Virginia’s Second Amendment Sanctuary push that began in late 2019 garnered national news coverage, because of the speed with which dozens of counties adopted the measures, the massive turnout at local government meetings in support of the resolutions, and the anti-gun agenda from Democrats in the state that spurred the movement into existence in the first place.

The continued expansion of Second Amendment Sanctuaries in other states hasn’t received nearly as much attention, even though we’re seeing some eye-popping results from around the country. In North Carolina, for instance, more than half of the counties in the state have now approved Second Amendment Sanctuary resolutions of their own, to little fanfare or recognition from national news outlets.

One exception is Public News Service, which wrote about the trend, but for some reason only interviewed opponents of the movement for its story.

Becky Ceartas, executive director of North Carolinians Against Gun Violence – a group tracking the number of Second Amendment sanctuary resolutions passed in the state – says it appears that counties are taking this step in response to gun legislation being introduced in neighboring states.

“There was only a handful of these counties before January,” says Ceartas. “We’ve seen the majority of these counties pass their resolutions mainly looking towards Virginia and what their General Assembly was about to do in regard to gun safety laws.”

Virginia lawmakers are considering bills to add background checks for private and gun-show sales, and to allow judges to temporarily confiscate guns if a person is found to be an extreme risk.

It may be that anti-gun Democrats in Virginia jump-started the movement in North Carolina, but the locals who are showing up in places like Martin County are concerned that their rights could be infringed by lawmakers in their own state, as WNCT-TV recently reported.

Martin County is joining the growing list of counties in the East including Beaufort, Jones, Pamlico, Wayne, and Craven counties.

“It stated a request to the legislature not to pass restrictions on second amendment rights,” said David Bone, Martin County manager.

Bone said people are concerned about the gun control measures in Virginia where the Governor proposed a bill to ban assault weapons.

“Hunting and gun rights are very important to our citizens. There are a lot of gun owners in Martin County so of course, it’s a very important issue to them,” said Bone. “We are so close to the Virginia line there is some concern that that legislation may bleed over into North Carolina.”

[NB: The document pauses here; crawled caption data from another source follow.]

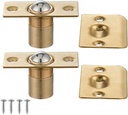 JQK Closet Ball Catch Door Hardware, Stainless Steel Catch Adjustable with Strike Plate, Gold Finish 2 Pack, HBC100-BG-P2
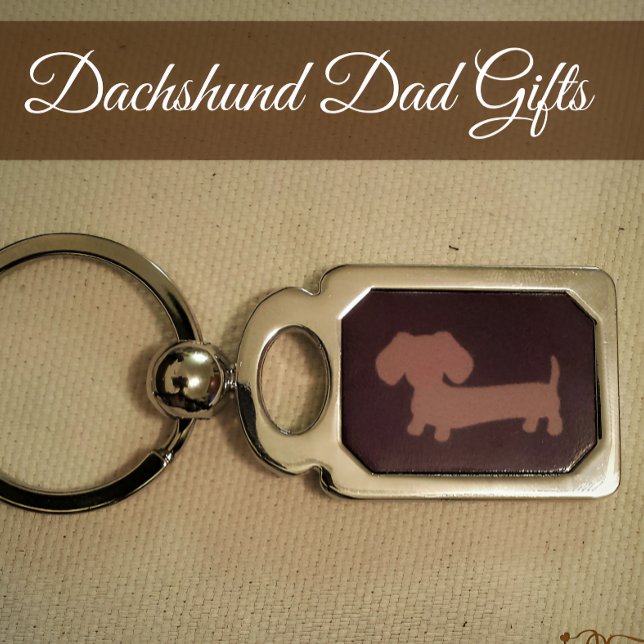 Grey Dachshund Masculine Keychain key ring (Creator Uploaded)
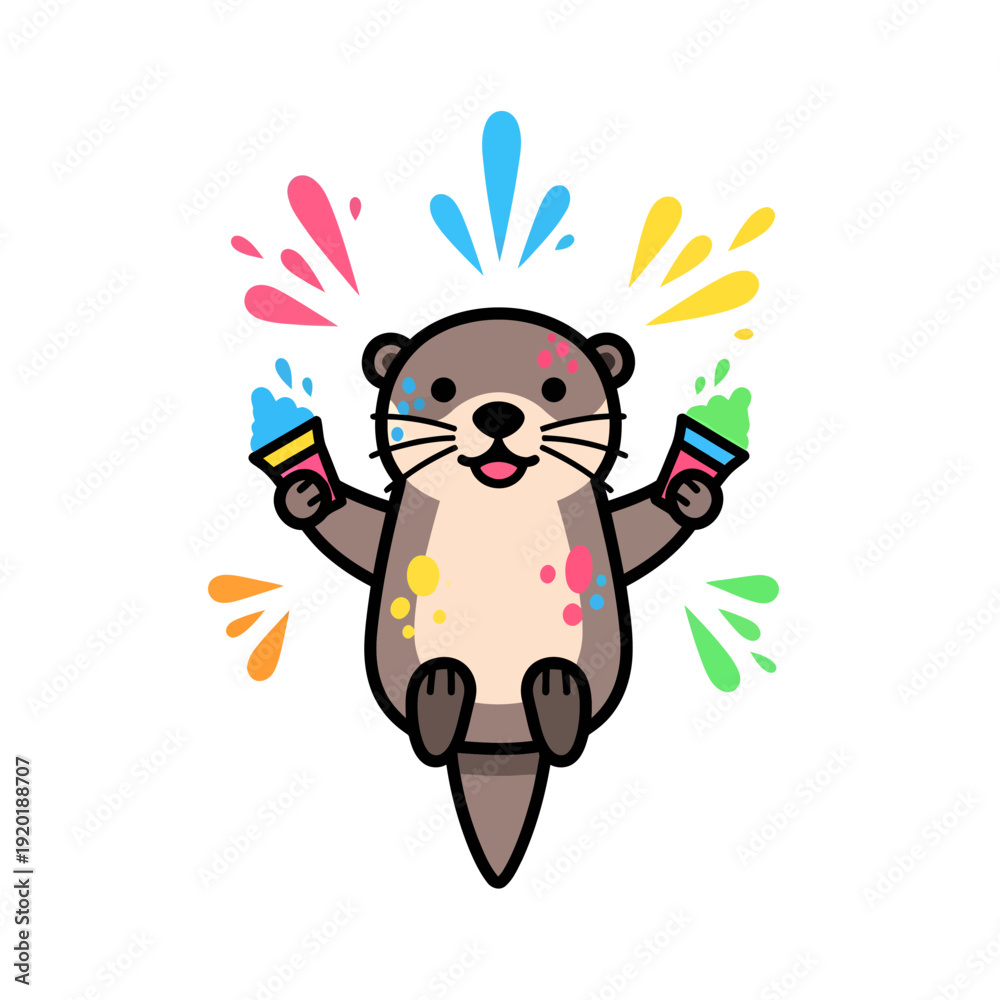 Fototapeta premium Cute Otter with Colorful Splash Background for Kids and Creativity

Commissioner Ronnie Smith said many citizens spoke in favor of the resolution. He said the commission’s resolution received overwhelming community support.

“Once we approved it, we had a lot of people there, they applauded. So that sends a message to me that we were doing what they would love for us to do,” said Smith.

The same support was on display in Brunswick County, North Carolina this week as commissioners unanimously approved a resolution declaring the community a “constitutional protected rights county”.

The proposed resolution reaffirms the board of commissioners’ support of the right citizens have to legally possess and use firearms. It also “further pledges to oppose, within the legal means, efforts to unconstitutionally restrict such Second Amendment Rights.”

“It just reinforces our support the constitution and telling Brunswick County citizens that they have a right to the second amendment. It’s the law of our land and we will uphold the law of the constitution because we took that oath,” said Brunswick County commissioner Pat Sykes.

Many county residents showed up to the meeting in full support of the resolution.

Debra Jensen spent most of her life in New York and says she actually moved to North Carolina so her second amendment right could be protected.

“I don’t feel like anybody should have to tell me how to be able to protect myself, my family and my friends. I used to be afraid of guns and then I learned how to use them safely. I have a military family and I’m in support of our rights given to us by our forefathers,” Jensen said.

Maybe it’s better that the national news media has stayed largely away from covering the Second Amendment Sanctuary movement in North Carolina. It seems like the local TV stations are doing a much better job of reporting what’s taking place than the few national outlets like Public News Service that have run stories on what’s happening in counties across the state.